PERSONAGGIO ILLUSTRE 2014

Alfonso Lo Torto – archeologo

     Camminando per le antiche vie di Tropea o andando nelle campagne intorno, in anni non tanto lontani, avresti incontrato Alfonso Lo Torto, uomo schivo e riservato, che ha dedicato per intero la sua vita allo studio del passato spinto d’amore per la città che lo ha visto nascere, lo avresti visto osservare le impronte umane lasciate dalla storia, dalla cultura, dall’antica arte dei nostri avi. Insegnante di scuola elementare, ha curato con particolare passione l’impegno per la ricerca archeologica in Tropea e nel territorio circostante con metodologia e scrupolo di studioso dei reperti da lui stesso riportati alla luce e rendendo pubbliche le sue conoscenze in opere di alto spessore scientifico che gli hanno procurato ampi consensi e meritati elogi dagli “addetti ai lavori”.

     Membro dell’Associazione “Paolo Orsi”, si è dedicato con enormi difficoltà per più di 40 anni alla ricerca “sul terreno” di siti preistorici, protostorici e storici e al recupero di numerosi reperti dell’antichità scrupolosamente catalogati e classificati dando puntuale informazione del loro rinvenimento alla Soprintendenza Archeologica di Reggio Calabria.

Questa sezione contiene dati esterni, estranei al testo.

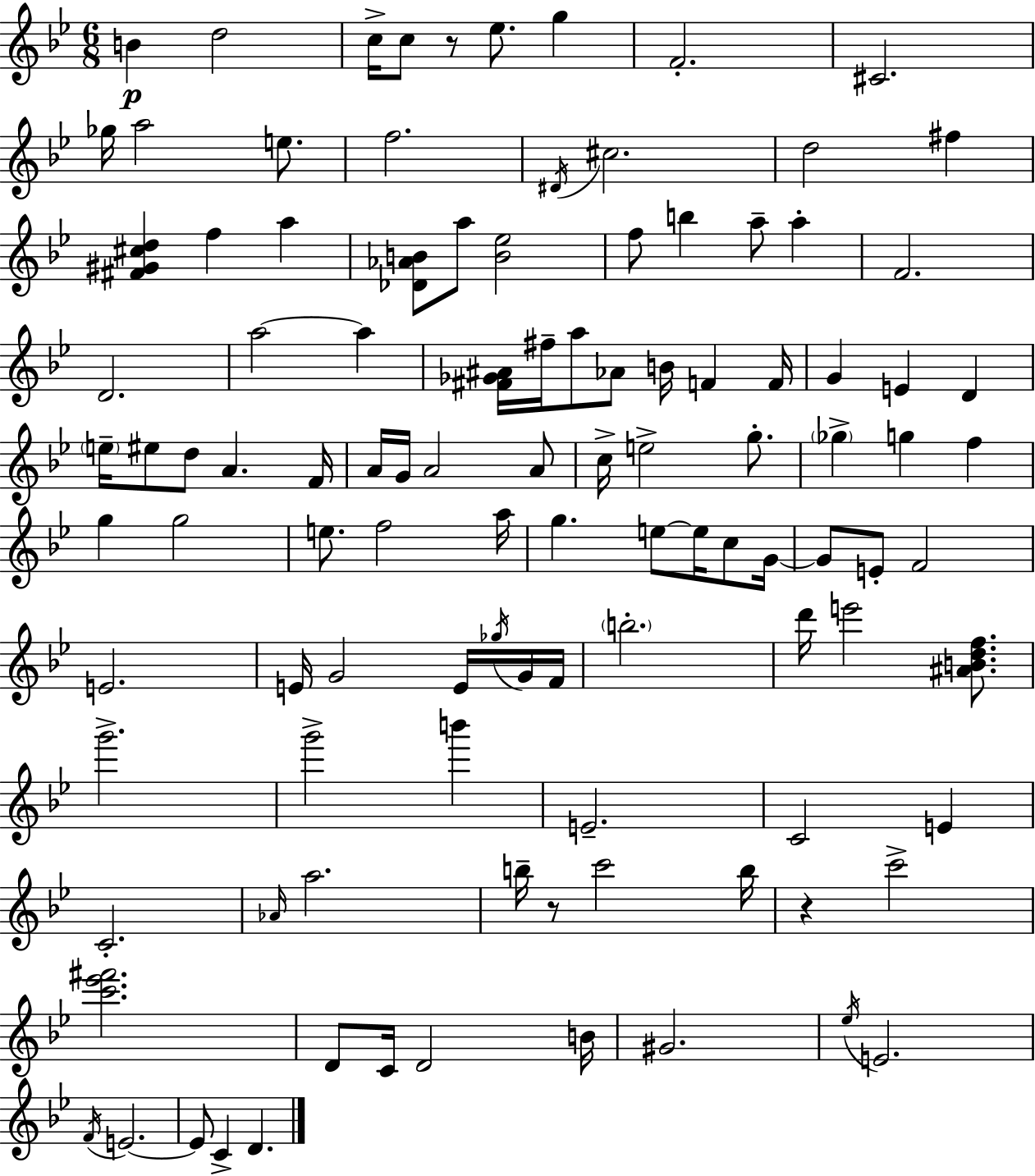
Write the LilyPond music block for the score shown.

{
  \clef treble
  \numericTimeSignature
  \time 6/8
  \key g \minor
  b'4\p d''2 | c''16-> c''8 r8 ees''8. g''4 | f'2.-. | cis'2. | \break ges''16 a''2 e''8. | f''2. | \acciaccatura { dis'16 } cis''2. | d''2 fis''4 | \break <fis' gis' cis'' d''>4 f''4 a''4 | <des' aes' b'>8 a''8 <b' ees''>2 | f''8 b''4 a''8-- a''4-. | f'2. | \break d'2. | a''2~~ a''4 | <fis' ges' ais'>16 fis''16-- a''8 aes'8 b'16 f'4 | f'16 g'4 e'4 d'4 | \break \parenthesize e''16-- eis''8 d''8 a'4. | f'16 a'16 g'16 a'2 a'8 | c''16-> e''2-> g''8.-. | \parenthesize ges''4-> g''4 f''4 | \break g''4 g''2 | e''8. f''2 | a''16 g''4. e''8~~ e''16 c''8 | g'16~~ g'8 e'8-. f'2 | \break e'2. | e'16 g'2 e'16 \acciaccatura { ges''16 } | g'16 f'16 \parenthesize b''2.-. | d'''16 e'''2 <ais' b' d'' f''>8. | \break g'''2.-> | g'''2-> b'''4 | e'2.-- | c'2 e'4 | \break c'2.-. | \grace { aes'16 } a''2. | b''16-- r8 c'''2 | b''16 r4 c'''2-> | \break <c''' ees''' fis'''>2. | d'8 c'16 d'2 | b'16 gis'2. | \acciaccatura { ees''16 } e'2. | \break \acciaccatura { f'16 } e'2.~~ | e'8 c'4-> d'4. | \bar "|."
}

     Ha partecipato, insieme a Marco Pacciarelli, Giuditta Grandinetti, M. Rita Varricchio, a Congressi di preistoria e protostoria con proprie apprezzate relazioni.

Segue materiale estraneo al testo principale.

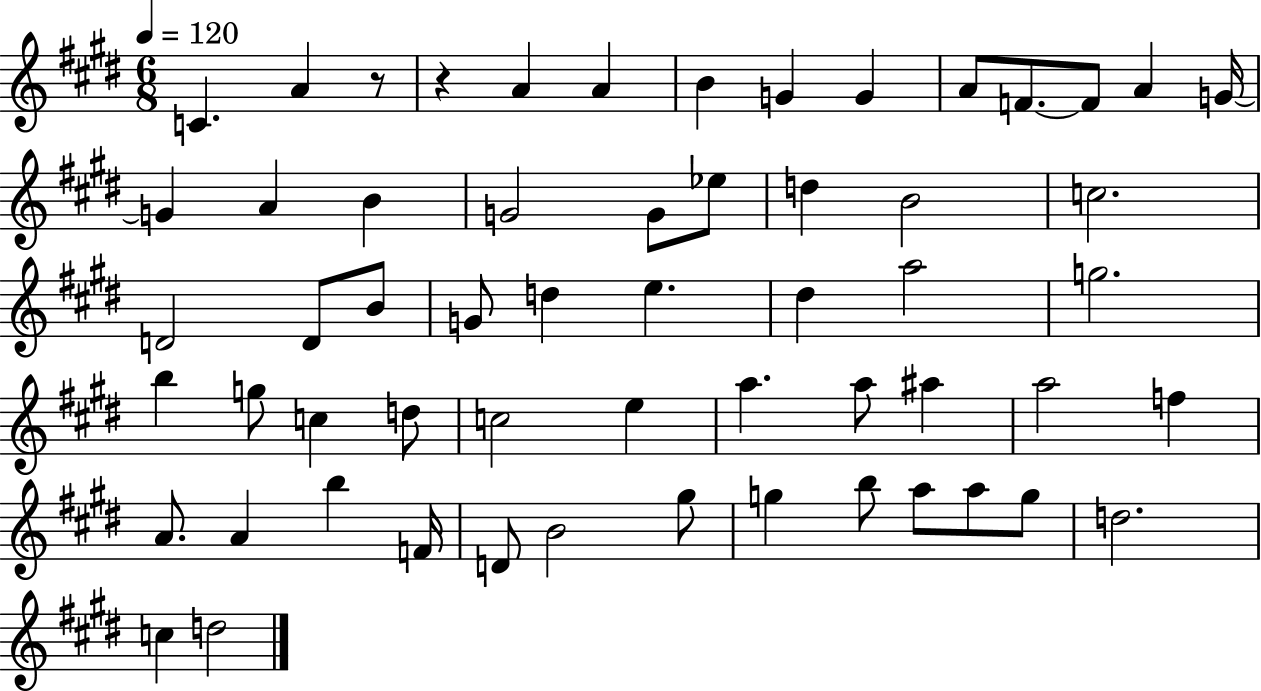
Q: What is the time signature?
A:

     Ha pubblicato: nel 1983 Industria protoaurignaziana rinvenuta a Punta Safò di Briatico (Catanzaro); nel 1999 l’opuscolo Decifrato il nome dell’”Ignoto Cavaliere” sepolto nella Cappella di S. Margherita in Tropea (sec. XIV) e, nel 2013, Trapeia Scillatio – Myria Paleocristianesimo dal IV alla prima metà del VII secolo – Ipotesi per una rivisitazione storica. Tali opere fanno di lui uno studioso attento e scrupoloso di Tropea e del suo territorio in merito allo stato e alla conservazione dei suoi beni archeologici, documenti visivi del modo di vivere nelle nostre contrade.

     Fautore, insieme al prof. Antonio Sposaro e al teologo don Francesco Pugliese, di un museo archeologico cittadino, ha visto con grande rammarico sempre svanire questo suo sogno con grave perdita culturale per la città a cui si onora di appartenere.

PERSONAGGIO ILLUSTRE 2015

Salvatore Vetere ofm

frate cappuccino – storico – latinista – epigrafista

     Padre Salvatore Vetere, nato a Casabona, in provincia di Crotone, fa parte della grande famiglia dei frati francescani che, sulla scia di san Francesco d’Assisi, porta la parola evangelica, con umiltà e semplicità, in ogni parte  del mondo. Giovanissimo (a 12 anni) abbracciò la vita religiosa entrando nel seminario di Pietrafitta. Fece la professione temporanea nell’OFM a Mesoraca e quella solenne alla Porziuncola. Ordinato sacerdote nel 1967, continuò gli studi a Roma e conseguì la Licenza in Teologia nel 1970 all’Ateneo Antoniano di via Merulana, titolo equiparato alla Laurea in Lettere e Filosofia. Nel 1973 ha conseguito la Licenza in Sacra Scrittura presso il Pontificio Istituto Biblico di Roma. In qualità di Predicatore Provinciale ha predicato in Calabria, Sicilia, Campania, in Palestina, Libano e Canada. Versato negli studi storici, filosofici e umanistici, ha dato un’impronta particolare alla spiritualità e alla cultura della città di Tropea dove, con breve interruzione, è presente dal 1989. Traduttore e interprete delle epigrafi sulle lapidi delle chiese di Tropea, ha apportato con i suoi studi, precisi e meticolosi, un nuovo contributo alla conoscenza della nostra storia.

     Ha pubblicato: I conventi francescani di Tropea – GLF – Castrovillari (Cs) – 2014.